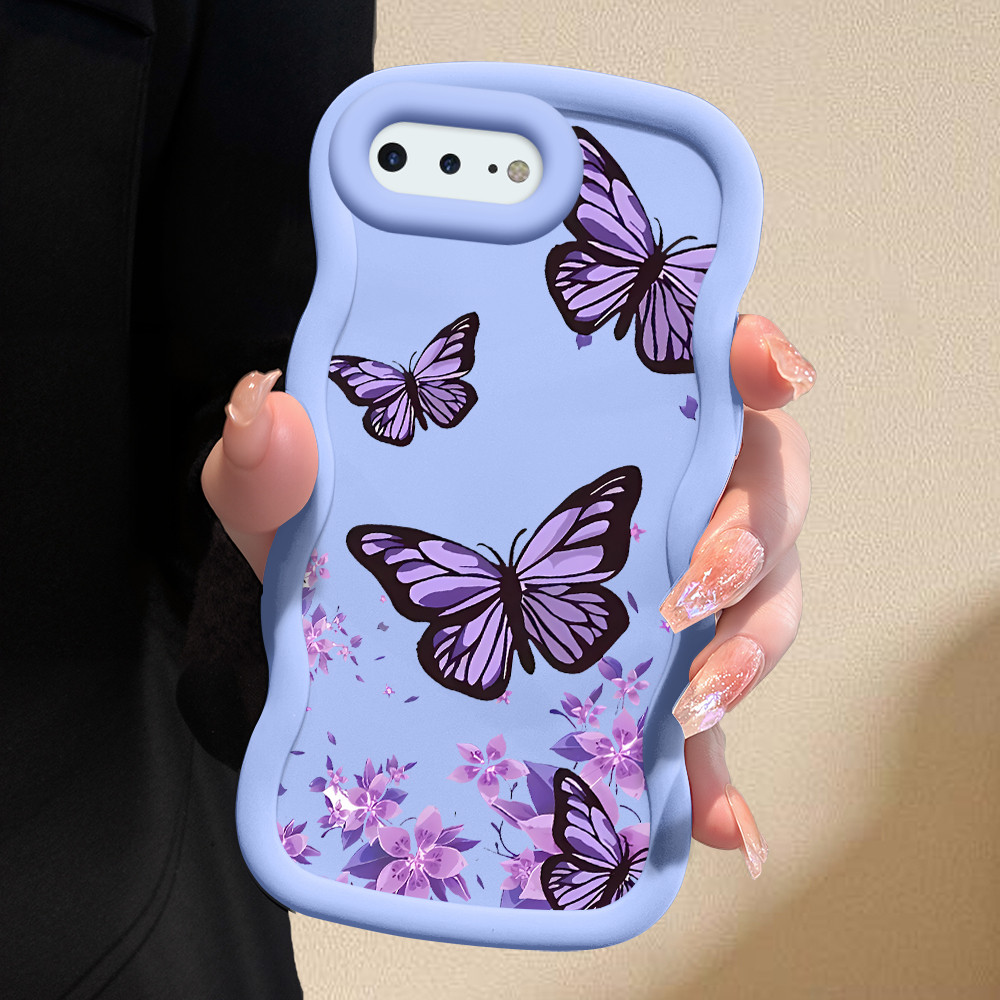 Capinha Capa Para iPhone 7 8 6 6S Plus Case Decorada Kawaii Criativa Silicone MKL0092 em Oferta na Shopee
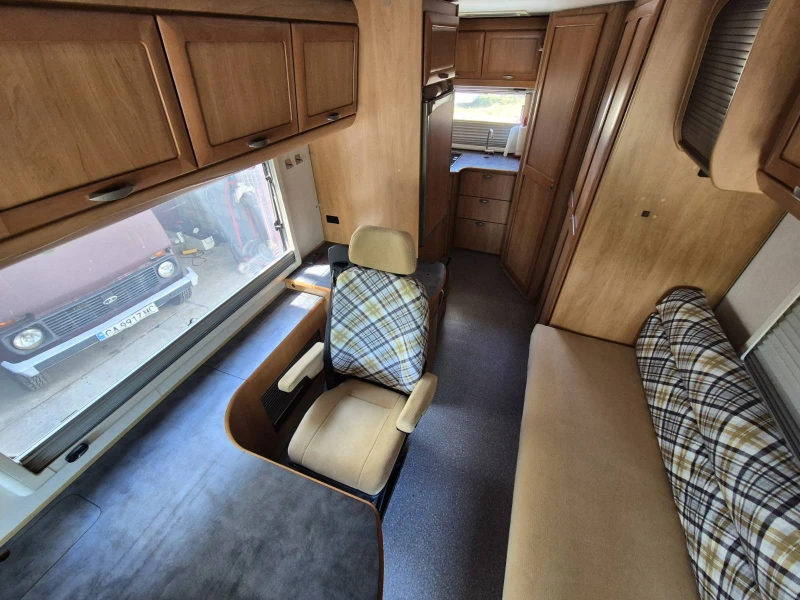 Кемпер HYMER / ERIBA B640 Star Line, снимка 10 - Каравани и кемпери - 50716774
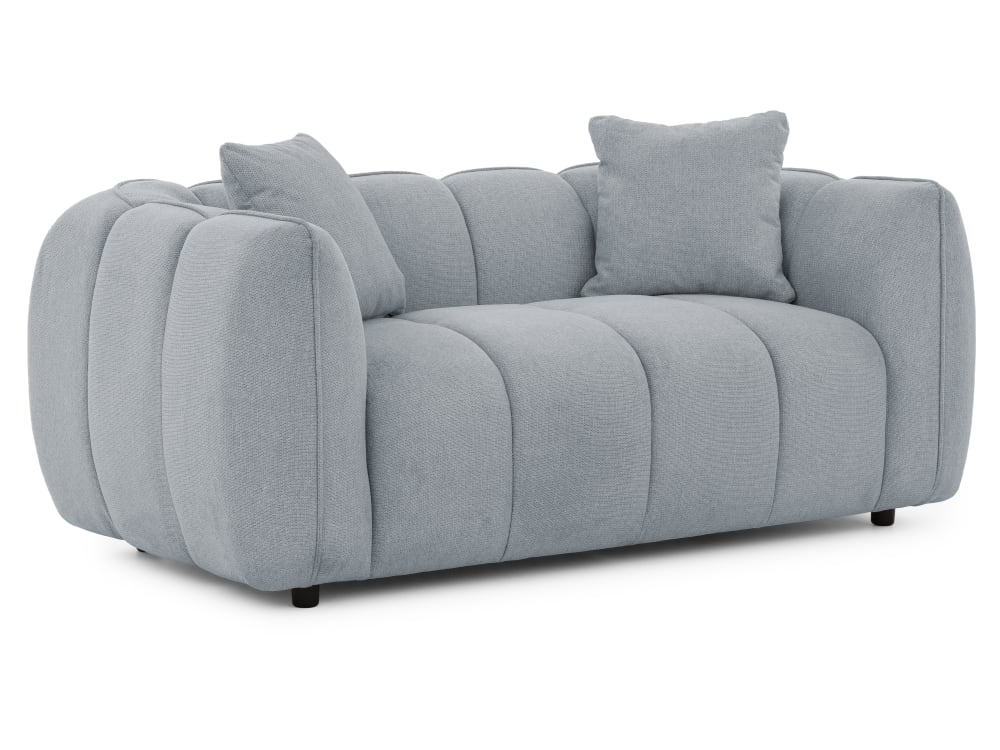 wohnli-moebel-suche-M26097265 Wohnli Möbelsuche - 2-Sitzer-Sofa in tief gesteppter Bubble-Optik aus Strukturstoff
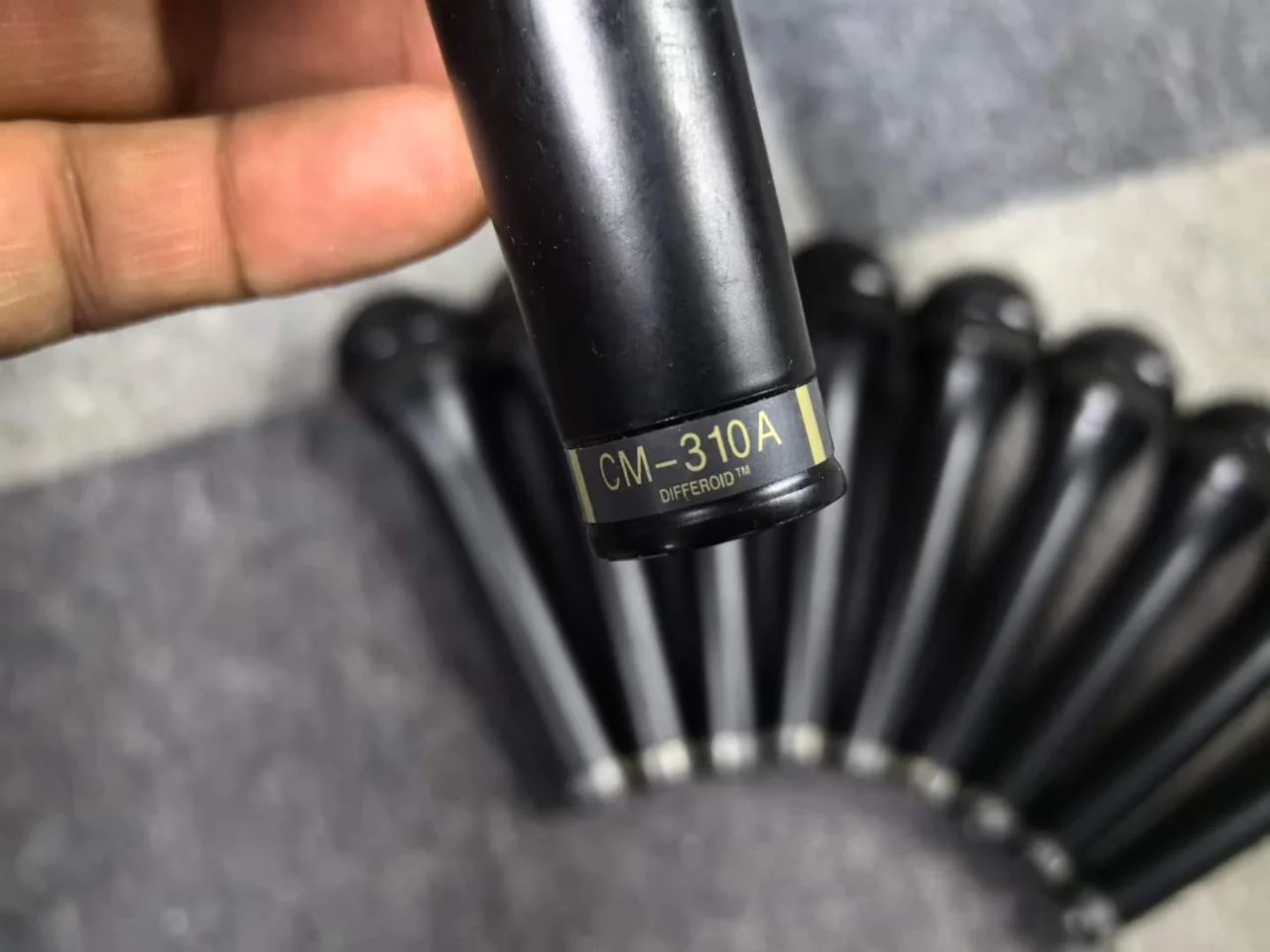 Supplied photograph of Crown CM-310A; identity, configuration and availability require confirmation — photograph 2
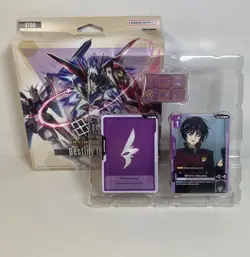 Gundam Card Game - Ultimate Deck Destiny Ignition ST09 - English - No Bonus Card - Image 1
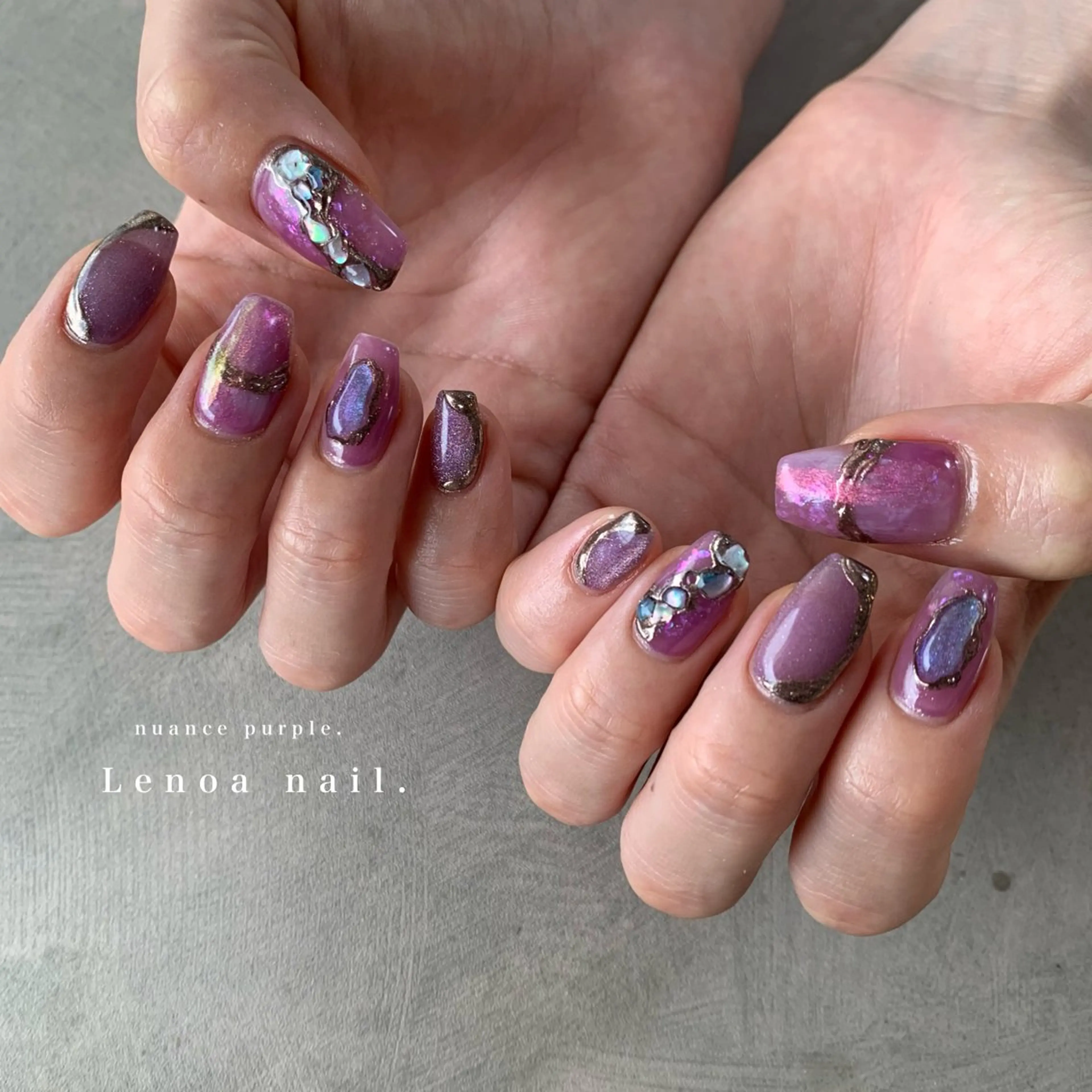ネイル nailsalon Lenoaのネイルデザイン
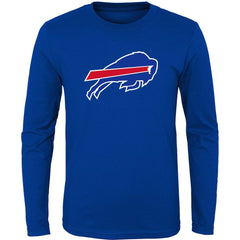Buffalo Bills  Youth Primary Logo Long Sleeve T-Shirt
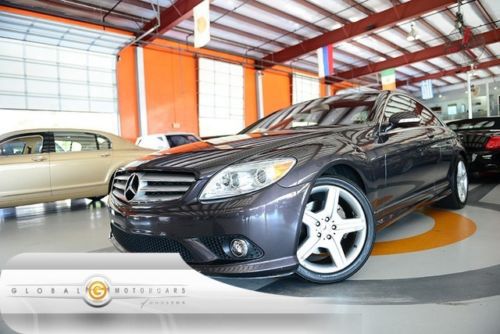 07 mercedes cl550 amg sport 1 own premium 2 hk nav pdc cam keyless vent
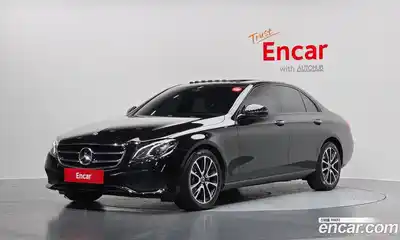 Mercedes-Benz E-Class, 2020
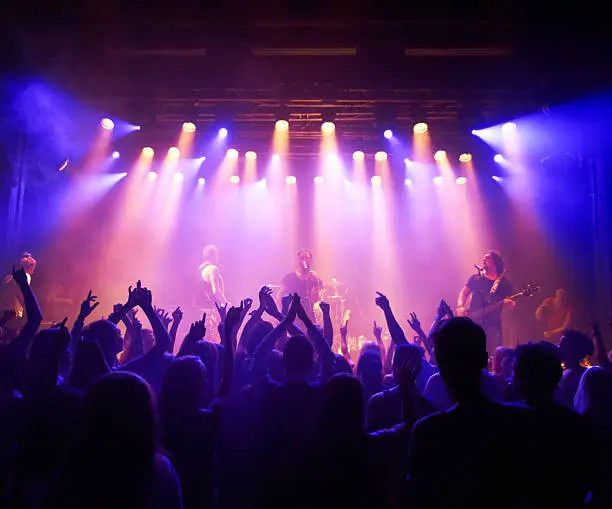 Shot of a large crowd at a music concerthttp://195.154.178.81/DATA/i_collage/pi/shoots/782972.jpg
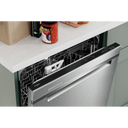 Whirlpool® Pocket Handle Dishwasher with 3rd Rack & Large Capacity WDPA70SAMZ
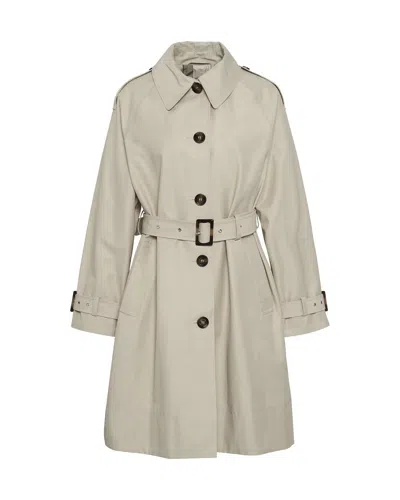 BARBOUR MAIA LIGHT SAND RAIN JACKET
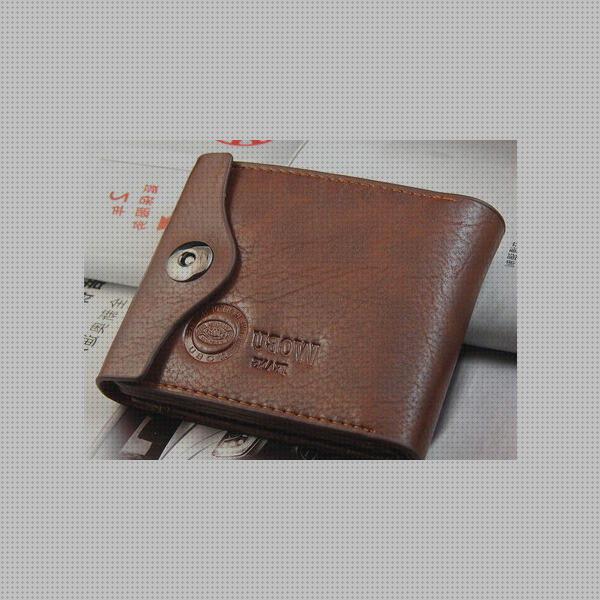 Review de carteras baratas de hombre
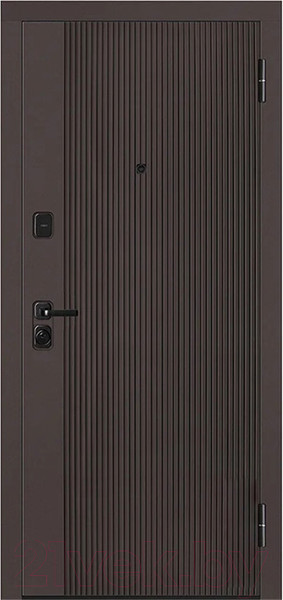 Изображение товара Входная дверь Металюкс М418/1 (96x205, правая)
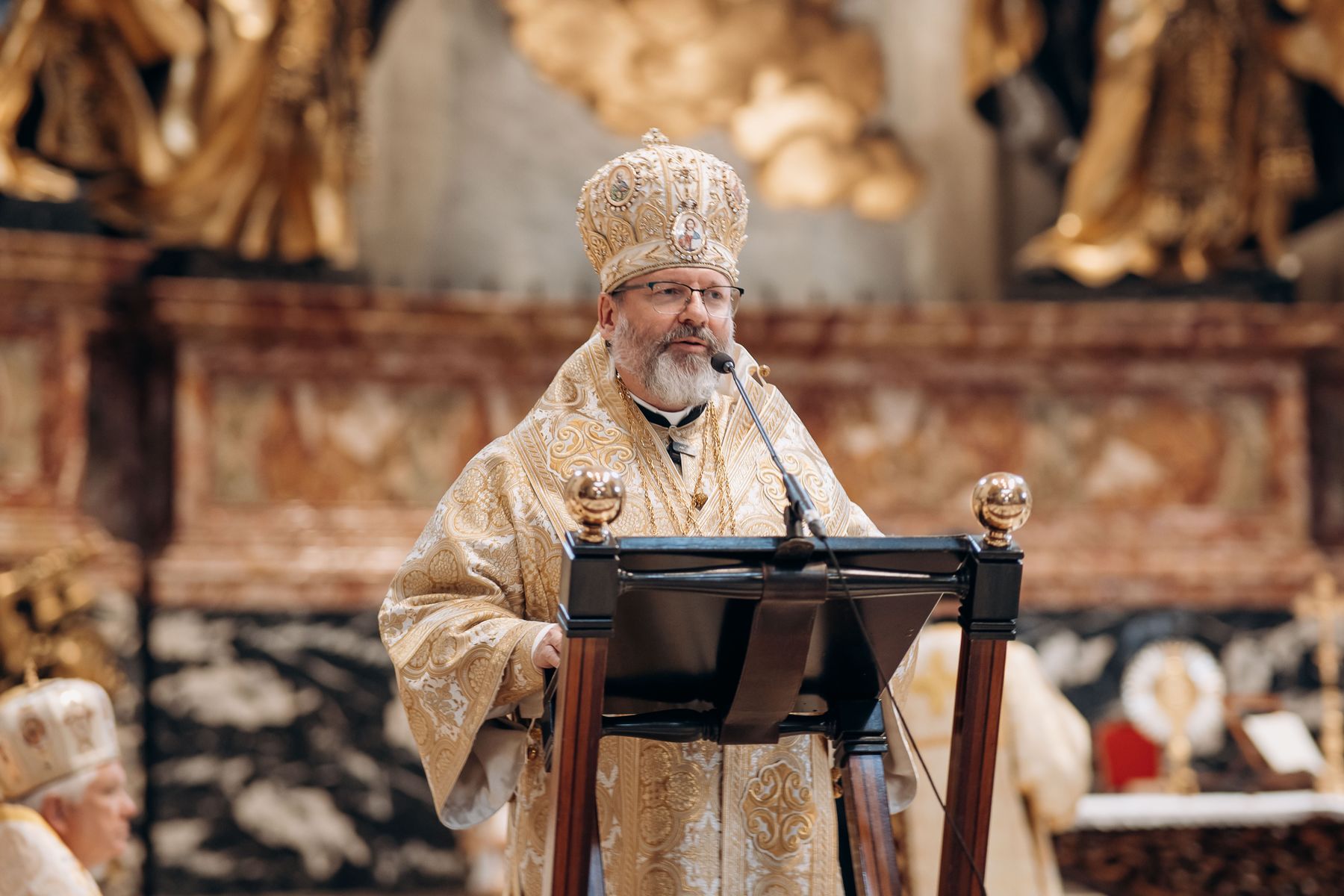 Проповідь Блаженнішого Святослава у свято Переполовення під час Ювілею Східних Католицьких Церков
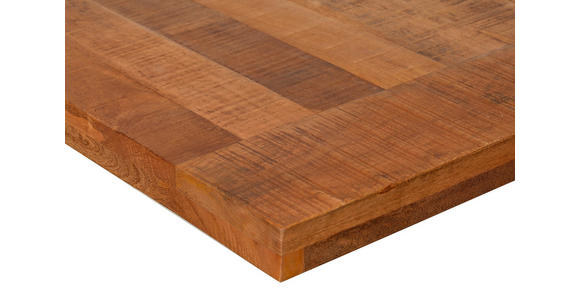 ESSTISCH in Holz 180/90/80 cm - Hellbraun/Weiß, ROMANTIK / LANDHAUS, Holz (180/90/80cm) - Landscape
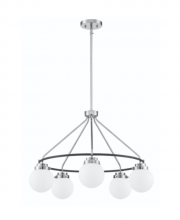 Designers Fountain D232M-5CH-PN - Elle 28" 5-Light Chandelier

^^^^^^^^

PROBLEM STATEMENT: Your copy of the entries above must be exact and must not include pictures.

REPLY TO THE TASK:
 Capinha Capa Para iPhone 7 8 6 6S Plus Case Decorada Kawaii Criativa Silicone MKL0092 em Oferta na Shopee
 Кемпер HYMER / ERIBA B640 Star Line, снимка 10 - Каравани и кемпери - 50716774
 wohnli-moebel-suche-M26097265 Wohnli Möbelsuche - 2-Sitzer-Sofa in tief gesteppter Bubble-Optik aus Strukturstoff
 Supplied photograph of Crown CM-310A; identity, configuration and availability require confirmation — photograph 2
 Gundam Card Game - Ultimate Deck Destiny Ignition ST09 - English - No Bonus Card - Image 1
ネイル nailsalon Lenoaのネイルデザイン
Buffalo Bills  Youth Primary Logo Long Sleeve T-Shirt
 07 mercedes cl550 amg sport 1 own premium 2 hk nav pdc cam keyless vent
 Mercedes-Benz E-Class, 2020
 Shot of a large crowd at a music concerthttp://195.154.178.81/DATA/i_collage/pi/shoots/782972.jpg
 Whirlpool® Pocket Handle Dishwasher with 3rd Rack & Large Capacity WDPA70SAMZ
 BARBOUR MAIA LIGHT SAND RAIN JACKET
 Review de carteras baratas de hombre
 Изображение товара Входная дверь Металюкс М418/1 (96x205, правая)
 Проповідь Блаженнішого Святослава у свято Переполовення під час Ювілею Східних Католицьких Церков
 ESSTISCH in Holz 180/90/80 cm - Hellbraun/Weiß, ROMANTIK / LANDHAUS, Holz (180/90/80cm) - Landscape
 Designers Fountain D232M-5CH-PN - Elle 28" 5-Light Chandelier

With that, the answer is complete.